» **AVAILABLE DATA**:
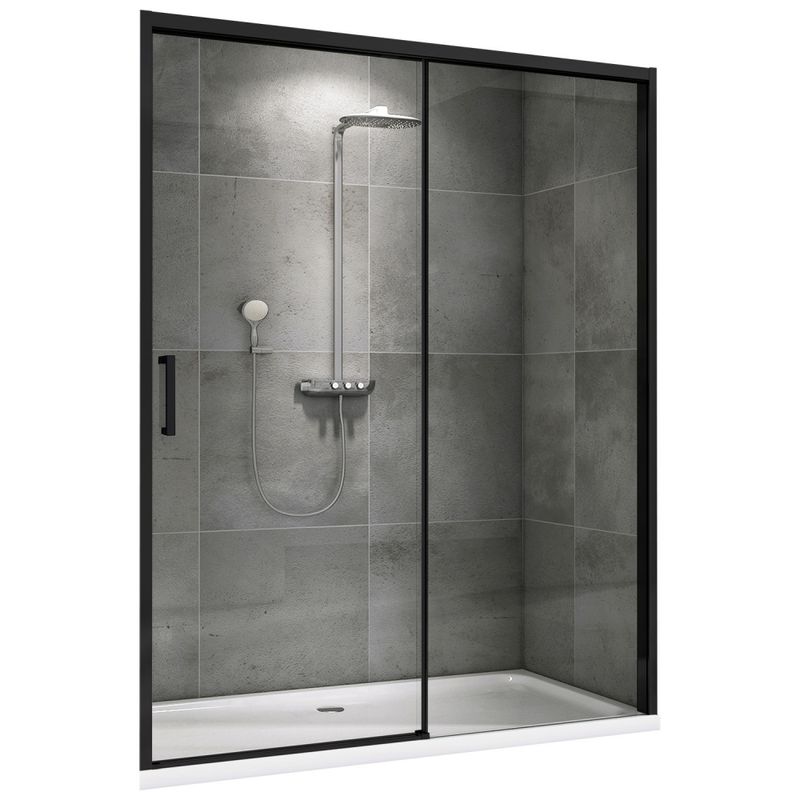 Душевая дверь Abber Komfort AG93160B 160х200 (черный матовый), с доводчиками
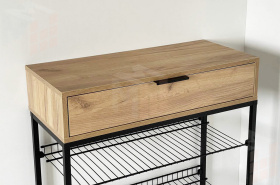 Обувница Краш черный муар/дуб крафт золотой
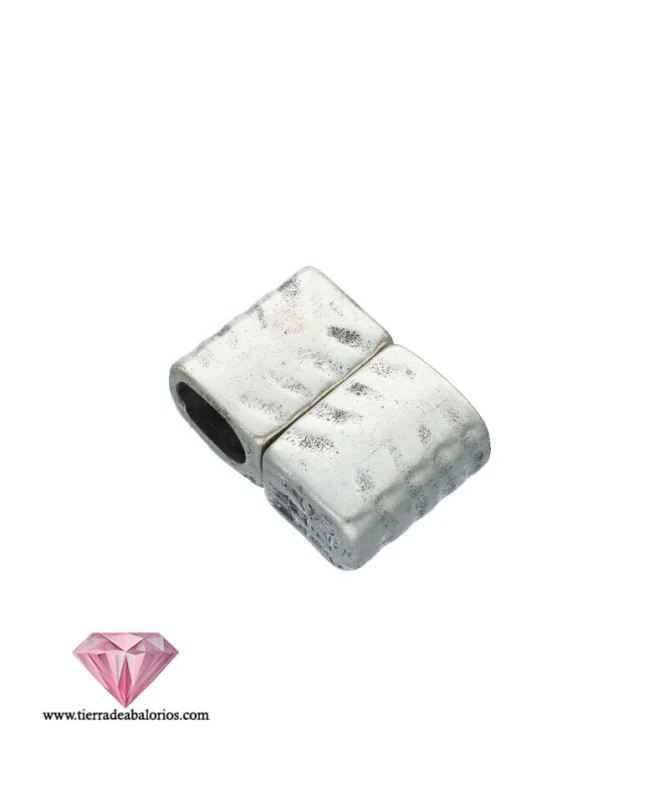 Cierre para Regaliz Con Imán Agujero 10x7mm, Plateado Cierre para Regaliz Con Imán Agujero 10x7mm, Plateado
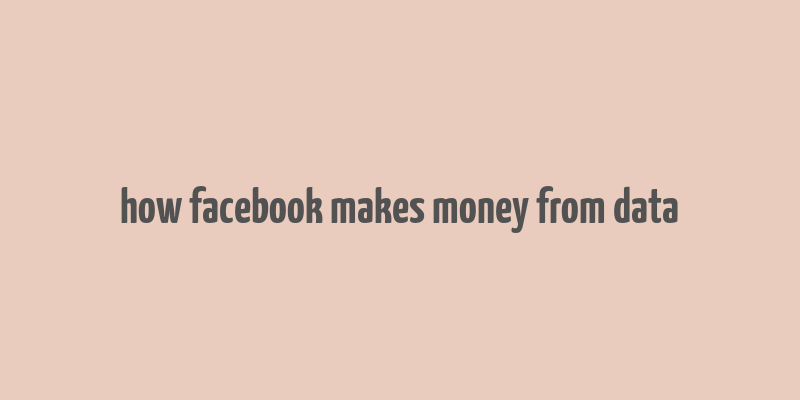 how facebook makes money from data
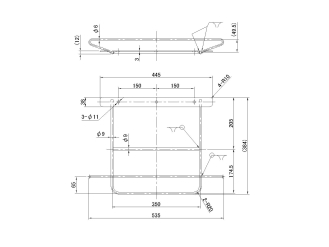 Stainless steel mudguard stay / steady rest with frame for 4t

» **WHAT THE TASK REQUIRES**: Give the entries again without a single change, but with no pictures.

» **EXERCISE RESULT**:
 Душевая дверь Abber Komfort AG93160B 160х200 (черный матовый), с доводчиками
 Обувница Краш черный муар/дуб крафт золотой
 Cierre para Regaliz Con Imán Agujero 10x7mm, Plateado Cierre para Regaliz Con Imán Agujero 10x7mm, Plateado
 how facebook makes money from data
 Stainless steel mudguard stay / steady rest with frame for 4t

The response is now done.